### [WORK TO COMPLETE]
Everything from the line with "Max 25fw sleeveless down jacket" to the line with "Building Photo - Welcome Home!" in the listing below, both lines included, needs to be copied exactly, apart from the pictures.
# # # # # # #
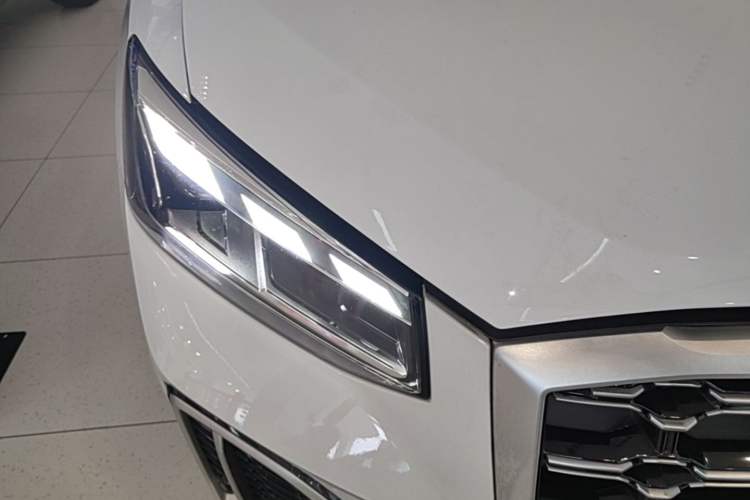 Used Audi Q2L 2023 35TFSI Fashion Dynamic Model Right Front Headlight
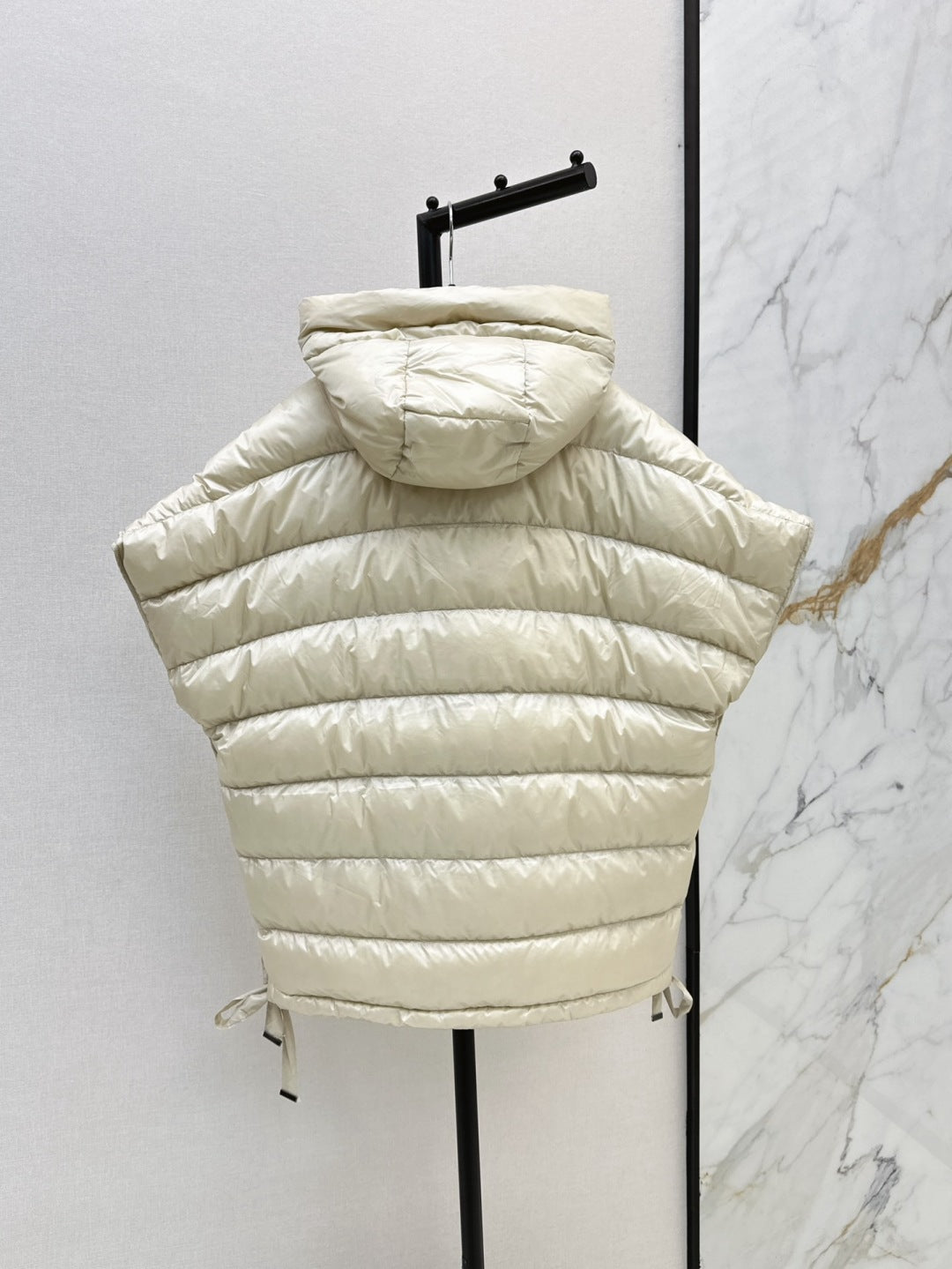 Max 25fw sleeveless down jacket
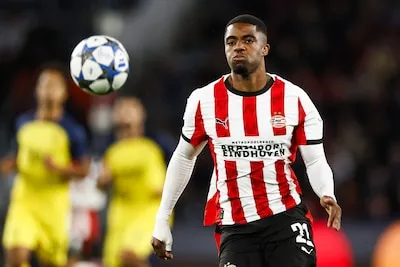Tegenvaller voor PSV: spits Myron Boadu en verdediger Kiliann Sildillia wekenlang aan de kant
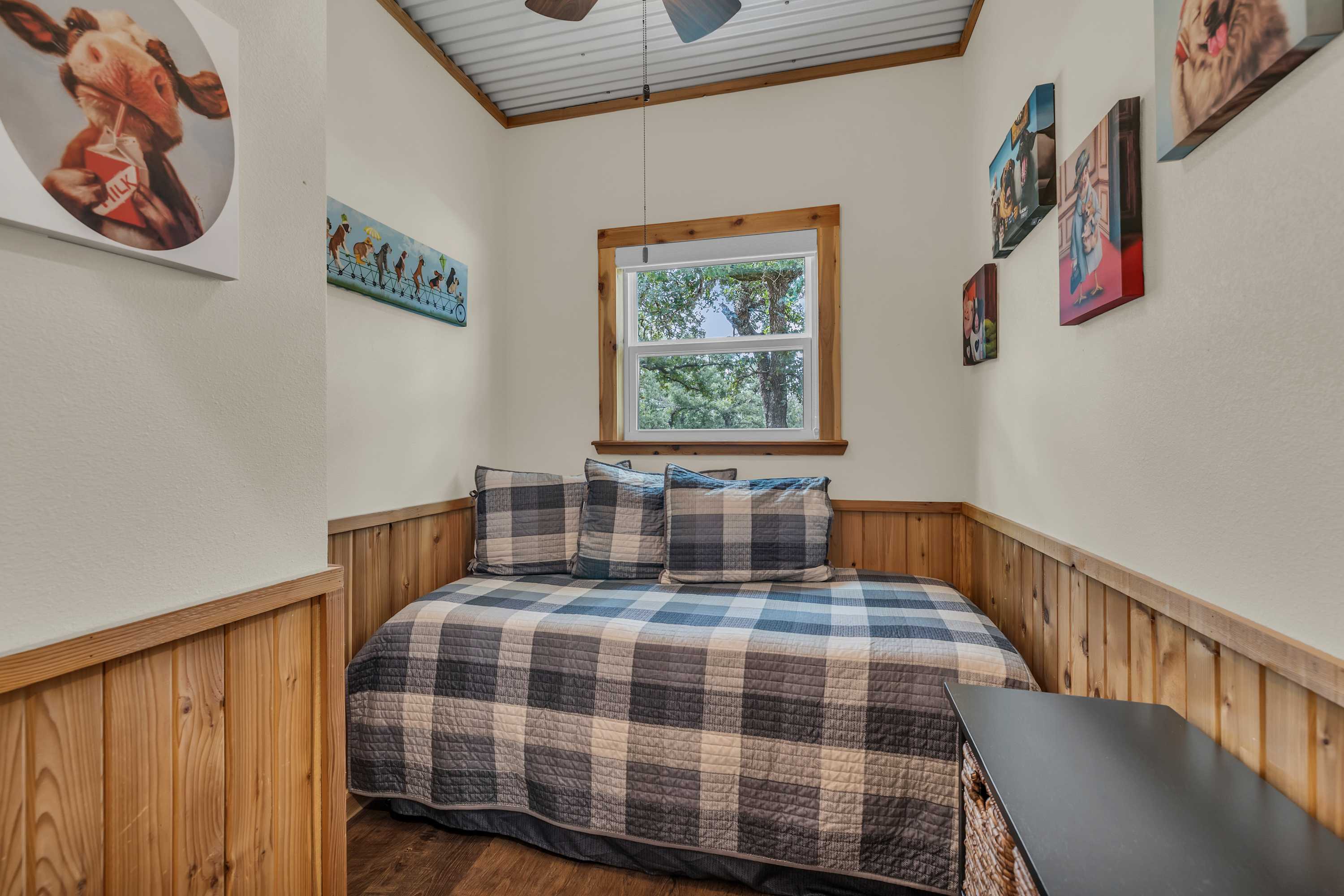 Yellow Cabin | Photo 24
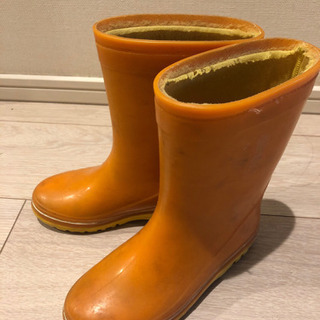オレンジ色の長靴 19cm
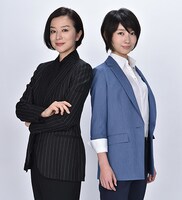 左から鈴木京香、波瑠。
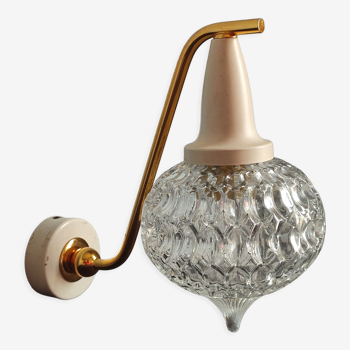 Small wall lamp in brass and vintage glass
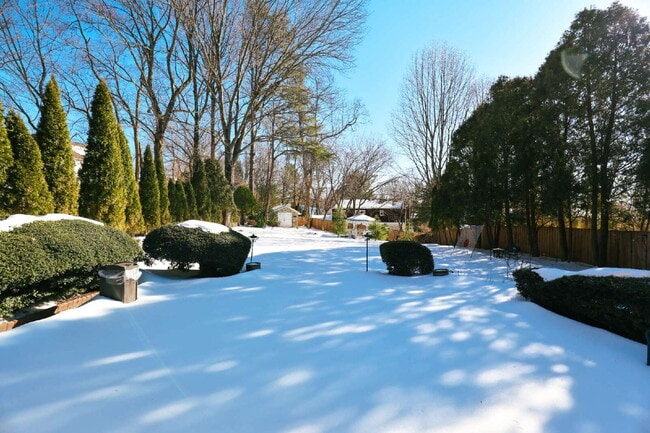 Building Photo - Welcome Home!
# # # # # # #
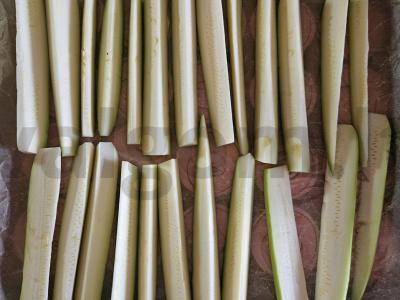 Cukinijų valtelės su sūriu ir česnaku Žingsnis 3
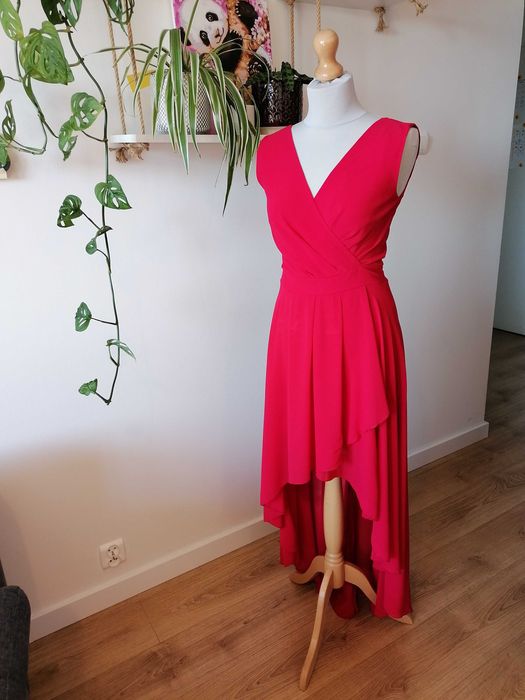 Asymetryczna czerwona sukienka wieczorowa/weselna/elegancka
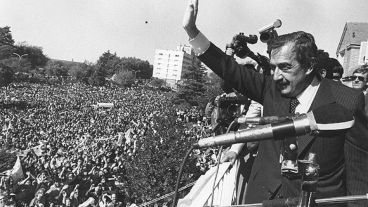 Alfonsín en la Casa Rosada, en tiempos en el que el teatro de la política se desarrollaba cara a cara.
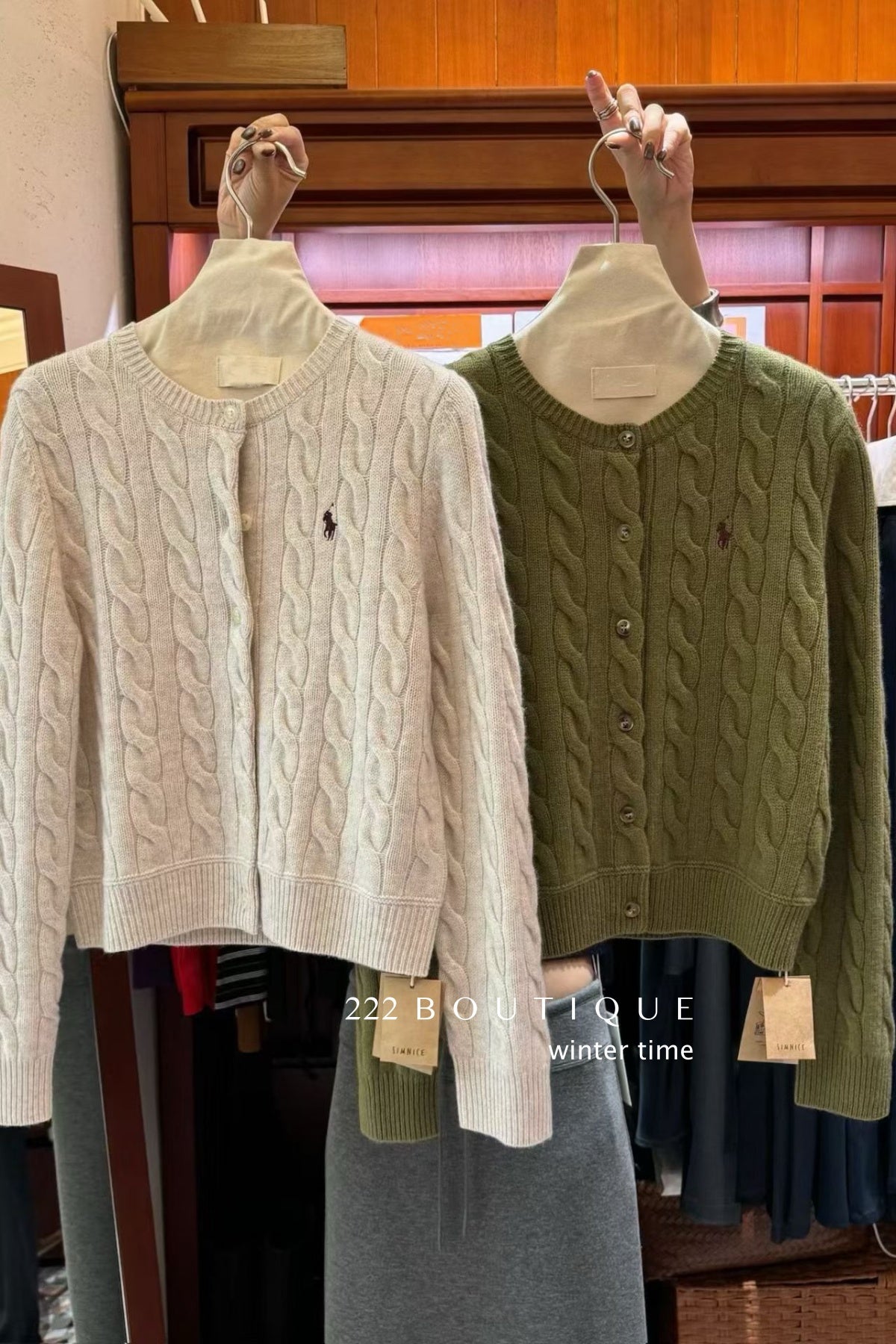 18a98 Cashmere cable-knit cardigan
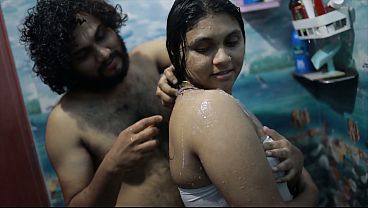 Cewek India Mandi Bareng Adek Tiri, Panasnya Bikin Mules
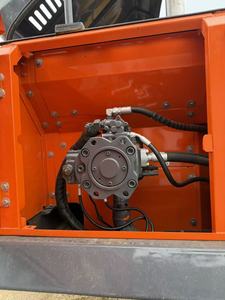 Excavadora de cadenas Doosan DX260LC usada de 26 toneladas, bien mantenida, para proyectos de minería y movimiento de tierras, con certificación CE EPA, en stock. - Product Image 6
# # # # # # #
### [EXERCISE RESPONSE]
 Max 25fw sleeveless down jacket
Tegenvaller voor PSV: spits Myron Boadu en verdediger Kiliann Sildillia wekenlang aan de kant
 Yellow Cabin | Photo 24
オレンジ色の長靴 19cm
 左から鈴木京香、波瑠。
 Small wall lamp in brass and vintage glass
 Building Photo - Welcome Home!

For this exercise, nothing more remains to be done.